• _REQUIRED WORK_
Collect every line in the records below that contains the word "with".

• _DATA FOR REVIEW_

######

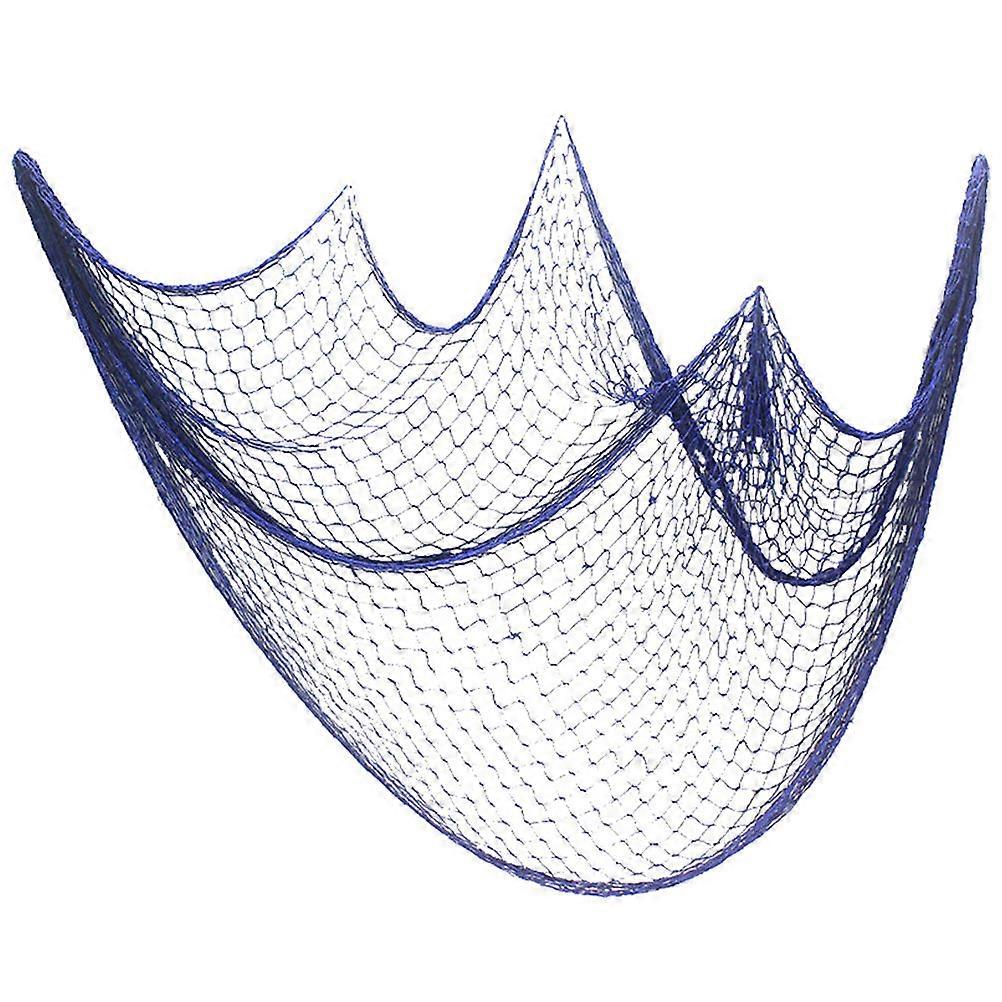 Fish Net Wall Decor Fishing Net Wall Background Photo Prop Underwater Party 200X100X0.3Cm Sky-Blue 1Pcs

######

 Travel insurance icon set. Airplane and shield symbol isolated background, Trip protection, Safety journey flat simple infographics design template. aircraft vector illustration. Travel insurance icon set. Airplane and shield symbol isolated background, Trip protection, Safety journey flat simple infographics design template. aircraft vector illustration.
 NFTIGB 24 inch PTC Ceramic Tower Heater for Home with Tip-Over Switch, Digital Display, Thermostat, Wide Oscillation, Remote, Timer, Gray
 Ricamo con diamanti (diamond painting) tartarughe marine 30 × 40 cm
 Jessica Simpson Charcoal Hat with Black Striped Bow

######

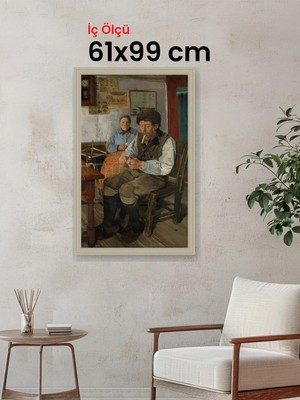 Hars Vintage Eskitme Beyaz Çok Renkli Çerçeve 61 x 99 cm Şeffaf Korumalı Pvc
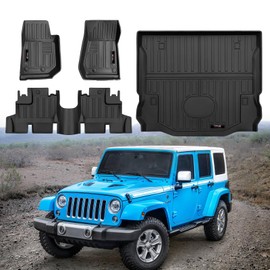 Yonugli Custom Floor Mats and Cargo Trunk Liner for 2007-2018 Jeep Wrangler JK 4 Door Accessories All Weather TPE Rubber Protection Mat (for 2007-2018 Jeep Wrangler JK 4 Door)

######

• _RESULT_
 NFTIGB 24 inch PTC Ceramic Tower Heater for Home with Tip-Over Switch, Digital Display, Thermostat, Wide Oscillation, Remote, Timer, Gray
 Jessica Simpson Charcoal Hat with Black Striped Bow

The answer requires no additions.